Herbert Mc Cabe – Révolution sociale et amour chrétien
Préface de Timothy Radcliffe, introduction et traduction par Benoît Gautier
Le Cerf – mai 2023 – 225 pages – 22€
Cet ouvrage récemment publié par les Éditions du Cerf rassemble, après traduction, des textes écrits en anglais il y a plus de vingt ans par un dominicain d’origine irlandaise. Il reste tout à fait pertinent aujourd’hui. Herbert Mc Cabe se présente comme étant simultanément marxiste et chrétien. Lorsque Madame Thatcher était Prime Minister, la société capitaliste britannique prêtait le flanc à l’analyse proposée par le marxisme. En quelques pages que n’aurait sans doute pas reniées Marx lui-même, l’auteur met en évidence la dénaturation de l’homme contraint à la lutte des classes. Pour Herbert Mc Cabe, le chrétien a le devoir de s’y impliquer. Il n’a pas d’autre choix s’il désire sincèrement l’avènement d’une autre société, fondée cette fois sur l’amour du prochain. Ce qui est vrai pour chaque chrétien est vrai pour le prêtre. Celui-ci n’est pas d’abord l’homme du sacerdoce et des rites catholiques, mais l’homme qui annonce la bonne nouvelle : il devra s’impliquer lui-même dans ce combat révolutionnaire où la violence peut parfois être légitime.
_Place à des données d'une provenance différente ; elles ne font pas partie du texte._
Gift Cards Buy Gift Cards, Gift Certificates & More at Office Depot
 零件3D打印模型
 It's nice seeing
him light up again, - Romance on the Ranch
Notre auteur a le souci d’éclairer ce qu’est pour lui la foi catholique. Il nous met en garde : le Christ ne peut pas être récupéré par la politique. Il prend là ses distances avec la théologie de la libération et rappelle qu’il est marxiste et chrétien et non pas marxiste parce que chrétien. Sa foi est clairement bâtie autour d’une personne : Jésus-Christ. C’est bien de Lui que procède la doctrine sociale de l’Église, elle-même perçue comme fondement d’une alternative à la société capitaliste. Le cœur de la bonne nouvelle, c’est l’annonce du salut ; le Christ nous rappelle ce qui bâtit l’homme : l’amour qui est au cœur de sa relation avec le Père doit l’être aussi dans les relations entre les hommes – une vérité « rabâchée » dans l’évangile de Jean mais aussi dans les écrits de Thomas d’Aquin. En ce sens, l’Église, les prêtres, les chrétiens sont ou devraient être en opposition au monde.
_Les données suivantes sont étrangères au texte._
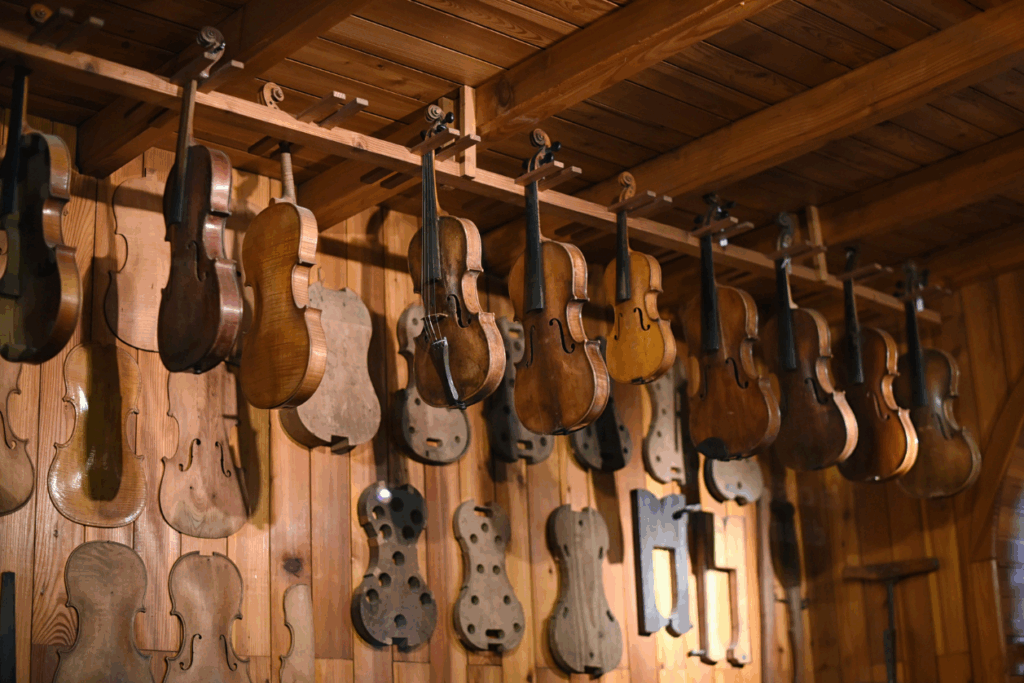 Comment devenir luthier auto-entrepreneur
Dans une première partie, l’auteur concentre son attention sur la « révolution sociale » avec la lutte des classes, le Christ et la politique, le péché originel et ses conséquences. Dans une seconde partie l’excellent prêcheur que fut Herbert Mc Cabe entraîne les lecteurs dans trois méditations originales sur les trois journées de la Passion, jeudi saint, vendredi saint et veillée pascale. Chacune de ces journées d’épreuves est vécue avec le Christ mais réinscrite dans le monde d’aujourd’hui.
Une pensée riche et stimulante parfois desservie par une écriture un peu difficile.
En lisant cet ouvrage, on comprend l’influence qu’a pu avoir ce théologien réfractaire sur des figures majeures parmi les dominicains, en particulier Timothy Radcliffe. Ce dernier s’en explique dans la préface du livre. L’introduction a été rédigée par Benoit Gautier et contribue à aiguiser l’appétit du lecteur.